- **Task details**
Return every line below as is, leaving out the pictures.

- **Data shown**
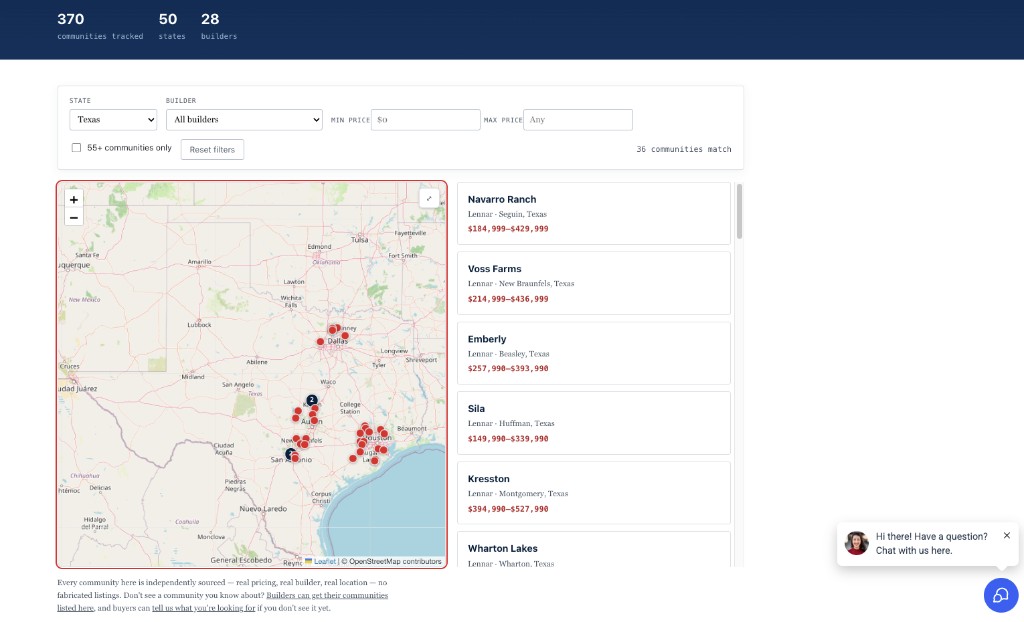 Texas new homes and communities map — NewUSAHouses.com Texas filter with map pins and community list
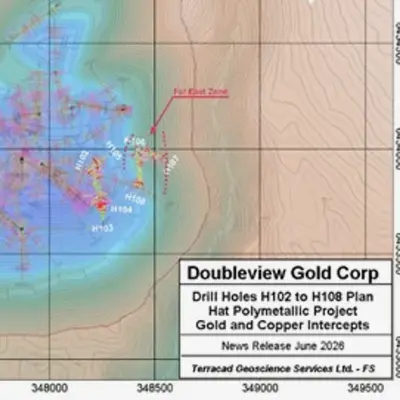 Doubleview Extends Hat Gold-Copper Mineralization 150m East, Hits High-Grade Gold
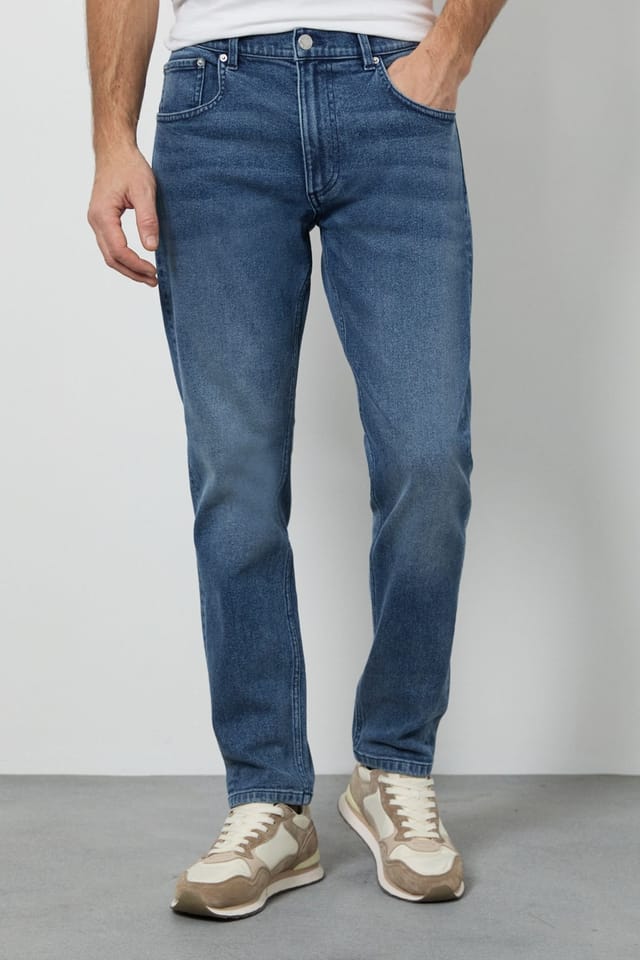 Burton Burton Men's Light Vintage Wash Stretch Slim Fit Jeans in Light Blue - 2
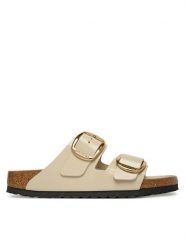 Birkenstock Klapki Arizona Big Buckle Hex 1031873 Beżowy. Brązowe klapki damskie Birkenstock, bez wzorów, ze skóry, bez obcasa. Za 719.99 zł.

- **Task solution**
 Texas new homes and communities map — NewUSAHouses.com Texas filter with map pins and community list
 Doubleview Extends Hat Gold-Copper Mineralization 150m East, Hits High-Grade Gold
 Burton Burton Men's Light Vintage Wash Stretch Slim Fit Jeans in Light Blue - 2
 Birkenstock Klapki Arizona Big Buckle Hex 1031873 Beżowy. Brązowe klapki damskie Birkenstock, bez wzorów, ze skóry, bez obcasa. Za 719.99 zł.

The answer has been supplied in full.